As a result of these funding changes, Mr Wilson said, private equity firms had funded two of his projects – The Crest in Burswood ($55 million funded), which comprises 168 apartments across 22 storeys, and the 192-apartment project The Precinct, Mount Pleasant on Canning Highway ($105 million funded).

“Despite the shift in the marketplace, we are continuing to work with the banks as a source of funding with the intention to maintain a diversified source of funding for our developments,” he said.

Traditionally, developers have secured loans after achieving a certain percentage of presales. However, stricter financing requirements and funding availability has put the pressure on developers in recent years, with banks often seeking presales of about 80 per cent before lending for construction.

Beyond the private investor realm, a superannuation fund has also taken an in interest in Perth. 

Last month, Sydney-based First State Super made its initial major property investment in WA, signing a $190 million funding agreement with Sirona Capital for its $220 million Kings Square Fremantle redevelopment, which largely comprises commercial office and retail space.

Parcel Property, which specialises in boutique apartment projects, has also gone beyond the presale model, indicating that it’s not just the big players approaching funding differently.

Part of Dale Alcock’s ABN Group, which has traditionally operated in the house and land market, Parcel Property was formally launched two years ago.

Executive general manager Andrew Auret said it leveraged the balance sheet of the ABN Group and operated under an owner-developer model – buying, managing, retailing and developing product – with partner builder PACT Construction.
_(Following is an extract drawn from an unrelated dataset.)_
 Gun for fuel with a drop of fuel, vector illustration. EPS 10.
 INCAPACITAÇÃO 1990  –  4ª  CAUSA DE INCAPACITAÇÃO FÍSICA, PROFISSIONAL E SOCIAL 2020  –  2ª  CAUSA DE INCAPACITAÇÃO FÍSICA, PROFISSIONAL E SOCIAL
He said the fundamental advantage Parcel Property enjoyed over most other developers was that the financial backing of Dale Alcock and the ABN Group enabled it to begin the construction of projects without having the need for presales.

This, Mr Auret said, provided more security for its target market of owner-occupiers, with the need for sufficient presales often resulting in project start delays and uncertain completion dates.

“For many purchasers the completion date is ‘When do I sell my home?’ so certainty it’s a big issue, particularly when dealing with downsizer clientele,” Mr Auret told Business News.

“I think the presales model is very difficult for Perth consumers because many don’t have a relationship with apartments; we’re dealing with a customer that hasn’t had that living experience.

“In our projects we’ll rush forward a display suite or demonstrate key elements like kitchens because we’ve found there’s a definite benefit with being able  to touch and feel.

“Low deposits are another part of our offering; if you’re a downsizer and you’ve got all the equity in your home, trying to find a 10 per cent deposit of a $600,000 apartment is a lot of cash. 

“This unique financing model also means we can offer deposits as low as $10,000 on our projects, simply because we don’t rely on the traditional banking model.”

Mr Auret said the team had also created a buyer’s guide with a glossary of terms for things like strata schemes and unit entitlements, with education a key part of its selling process.

Parcel Property completed its first apartment project, Fringe, in Mount Lawley last year, comprising 48 dwellings. It has two other projects currently under construction – the 23-apartment Edition Como development, and Carrington57 in Palmyra, a 24-apartment project.

“We’ve taken a measured approach to growth in the apartment market,” Mr Auret said.

“Perth will mature with infill development and if ABN still wants to build homes it will need lots of different offerings, so housing choice is part of why the Parcel apartment business exists.

“Yes the property market has been distressed, but thanks to those restrictive lending requirements there has been an undersupply in some of those key (suburban) locations.”